■ **INPUT FOR THIS TASK**
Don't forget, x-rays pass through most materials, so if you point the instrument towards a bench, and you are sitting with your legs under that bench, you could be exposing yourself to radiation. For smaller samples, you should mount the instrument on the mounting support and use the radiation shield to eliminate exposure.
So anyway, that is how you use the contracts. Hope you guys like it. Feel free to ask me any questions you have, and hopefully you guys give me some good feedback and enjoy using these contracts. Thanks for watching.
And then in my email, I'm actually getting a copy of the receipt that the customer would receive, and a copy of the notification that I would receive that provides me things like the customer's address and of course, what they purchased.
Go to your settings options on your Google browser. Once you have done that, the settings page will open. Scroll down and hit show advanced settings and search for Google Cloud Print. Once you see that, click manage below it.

* * *

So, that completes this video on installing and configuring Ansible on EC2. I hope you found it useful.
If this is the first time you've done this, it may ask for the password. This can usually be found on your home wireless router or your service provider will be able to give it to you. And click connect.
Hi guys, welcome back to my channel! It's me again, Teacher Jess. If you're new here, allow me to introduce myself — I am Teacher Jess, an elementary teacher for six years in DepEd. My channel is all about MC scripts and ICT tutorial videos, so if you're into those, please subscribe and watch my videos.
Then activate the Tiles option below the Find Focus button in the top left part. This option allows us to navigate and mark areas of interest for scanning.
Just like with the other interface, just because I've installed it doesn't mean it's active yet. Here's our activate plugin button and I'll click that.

■ **ABOUT THIS EXERCISE**
Check every line above for the string "will" and copy those that have it.

■ **RESPONSE BELOW**
Go to your settings options on your Google browser. Once you have done that, the settings page will open. Scroll down and hit show advanced settings and search for Google Cloud Print. Once you see that, click manage below it.
If this is the first time you've done this, it may ask for the password. This can usually be found on your home wireless router or your service provider will be able to give it to you. And click connect.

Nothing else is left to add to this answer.